AfterDark’s Dean Hodge reviews some of the acts from the 10th anniversary weekend of Swn Festival in Cardiff (Friday 21 – Sunday 23 October 2016).
The sight of instruments and amps being wheeled from numerous white vans into one of the various venues in Cardiff. A sea of pink and red balloons dotted around the city streets and inside said venues. People walking around with glitter etched across their face as if it an acceptable form of everyday attire. These are images that have become very much synonymous with the annual orchestrated cacophony of chaos that is Swn Festival.
Like a song that reminds you of an iconic scene from your favourite film as soon as you hear it, these images are a visual accompaniment to the many moments of musical magic that have come to define the Welsh festival. Artists have marked their breakthrough here. Friendships (and relationships) have been formed. The odd Jager-bomb has been consumed here and there.
They are moments that indeed now span an entire decade for those that have shared the journey of Swn right from the beginning – and four years (and counting) worth of musical memories for me. With local music venues fighting an uphill battle to remain relevant in the current streaming-dominated music industry, the support of these venues and the ability of city-based festivals like Swn to highlight the independent scene, is more vital now than ever before. So the Welsh festival marks its tenth birthday by providing more of the high-calibre new artists that have come to define the ethos of Swn.
Danielle Lewis - Swn Festival. Photo provided by BBC Cymru Wales (Photographer: Simon Ayre)
With my planned Swn Festival 2016 itinerary of artists to see over the weekend scribbled on a print-out schedule, I begin my coverage at the opening SwnRise event in Tramshed on Friday night (Oct 21) – arriving just as London’s Pumarosa mark their Swn debut with a performance of chemically-altering groove-driven synth-pop.

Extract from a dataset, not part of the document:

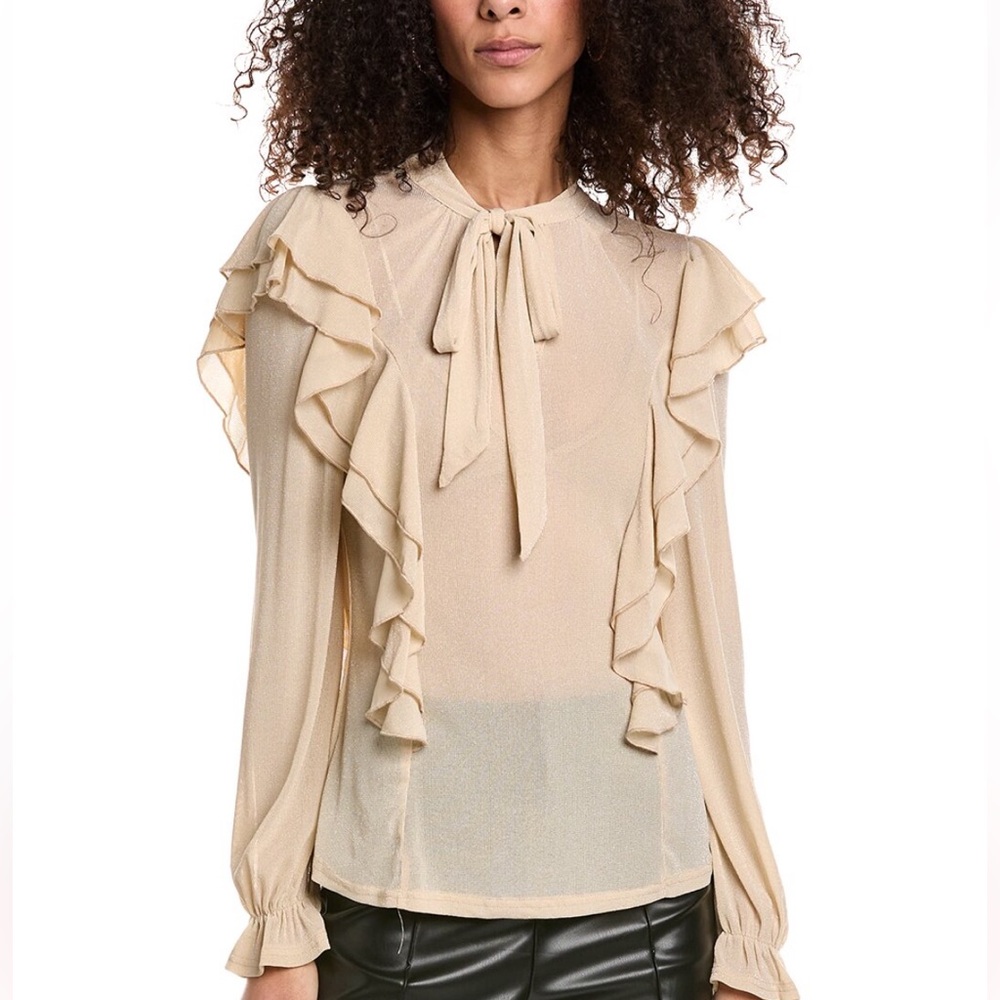 Luxe Always Blouse in Beige, Size Small, NWT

The mesmerizing vocals and stage presence of lead singer Isabel Munoz-Newsome – dancing as if possessed by the spirit of Kate Bush – is a perfect counterpart to the band’s hypnosis-inducing indie-dance riffs. Closing number Priestess is a particular highlight – a sprawling seven-minute Balearic-infused disco epic that makes standing in still motion a particular challenge.
In contrast, The Sandinistas – one of two acts filling in the vacant slot left by Spring King pulling out due to illness – employ a rather meat-and-potatoes musical ethos. A no-added-nonsense package of rampaging riffs and lung-bursting choruses is on the menu here – and in their following performance on the Horizons | Gorwelion stage at O’Neills on Saturday. The same could be said of latter replacement act and Swn alumni Estrons – with socially conscious lyrics giving particular spice to their simmering sonic stew of sucker-punch riffs and bruising hooks.
The following Saturday commences with a band of similarly anthemic/melodic tendancies. Cardiff’s Monico Blonde– marking only their fourth ever performance in this guise – kick off the Horizons | Gorwelion stage at O’Neills with a set of earworm guitar-orientated hooks filtered through synth-driven counter-melodies. Anglesey aces Fleur De Lys tread a familiar musical road laden with high-energy guitars, head-nodding harmonies and hedonistic vocal-stretching.
Ysgol Sul - Swn Festival. Photo provided by BBC Cymru Wales (Photographer: Simon Ayre)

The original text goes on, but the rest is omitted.